150 Menschen nahmen am Schweigemarsch durch Bad Münstereifel teil.

Bad Münstereifel – Ohne ein Wort zu sprechen, ihren Blick auf den Boden gerichtet, standen rund 150 Männer und Frauen am Donnerstagabend in der Bad Münstereifeler Innenstadt im Kreis. In der Mitte lag eine rote Rose auf dem Boden, und Kerzen erhellten eine kleine Gedenktafel. In einem Fenster waren Fotografien der 1938 in dem Haus beheimateten jüdischen Familie zu sehen, ebenfalls von schummrigem Kerzenschein erleuchtet. „Es ist ein beklemmendes Gefühl, wenn man sich klar macht, was diese Menschen während des Nazi-Regimes durchlitten haben“, schilderte Hans Sporn flüsternd seine Gefühle.

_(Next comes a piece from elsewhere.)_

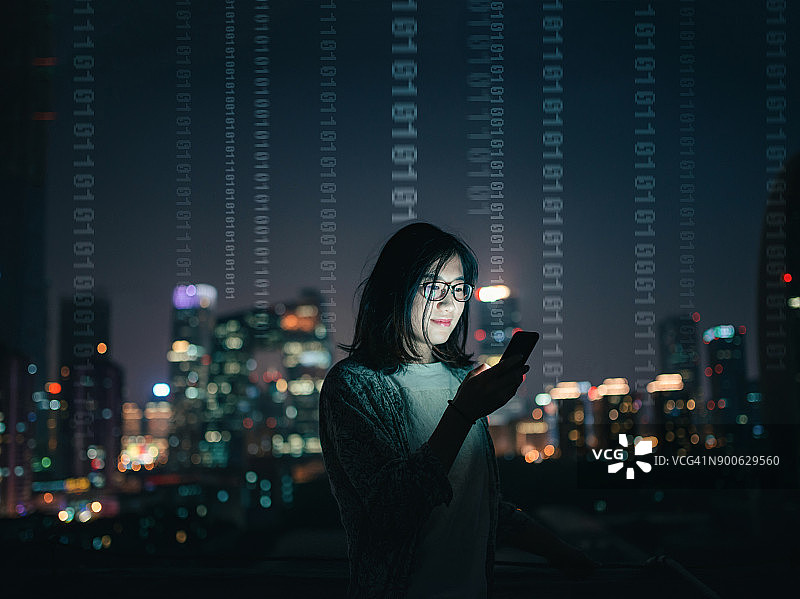 站在摩天大楼顶上拿着智能手机的女人图片素材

Insgesamt 26 Stolpersteine waren 2009 in Bad Münstereifel im Gedenken an die einst in der Stadt lebenden Juden verlegt worden. Anlässlich des 80. Jahrestages der Pogrome wurde am Donnerstagabend während eines Trauermarschs an diese ehemaligen Bürger der Stadt, die in Konzentrationslager deportiert worden waren, erinnert.

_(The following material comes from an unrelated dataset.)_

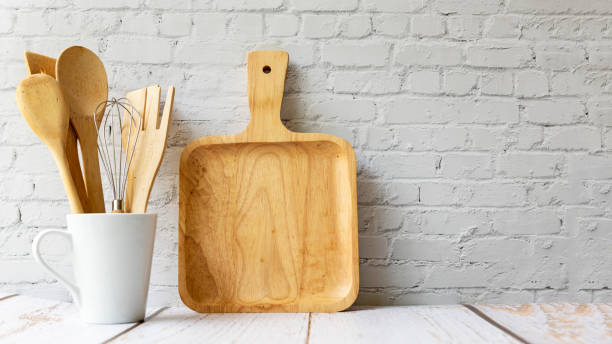 istock Kitchen tools and kitchenware utensil object on kitchen shelf wood white for healthy eat and health care life.  Wall white brick background, copy space for text 1348383719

„Erinnerungen sind sehr wichtig“, betonte der 17-jährige Max: „Wir sind in der Verantwortung, kommenden Generationen von dieser Vergangenheit zu berichten. Denn so etwas darf niemals in Vergessenheit geraten.“ Bei einem Projektkurs zum Thema Erinnerungskultur hatten sich die Schüler des St.-Michael Gymnasiums mit der Geschichte des Nazi-Regimes in ihrer Heimat befasst.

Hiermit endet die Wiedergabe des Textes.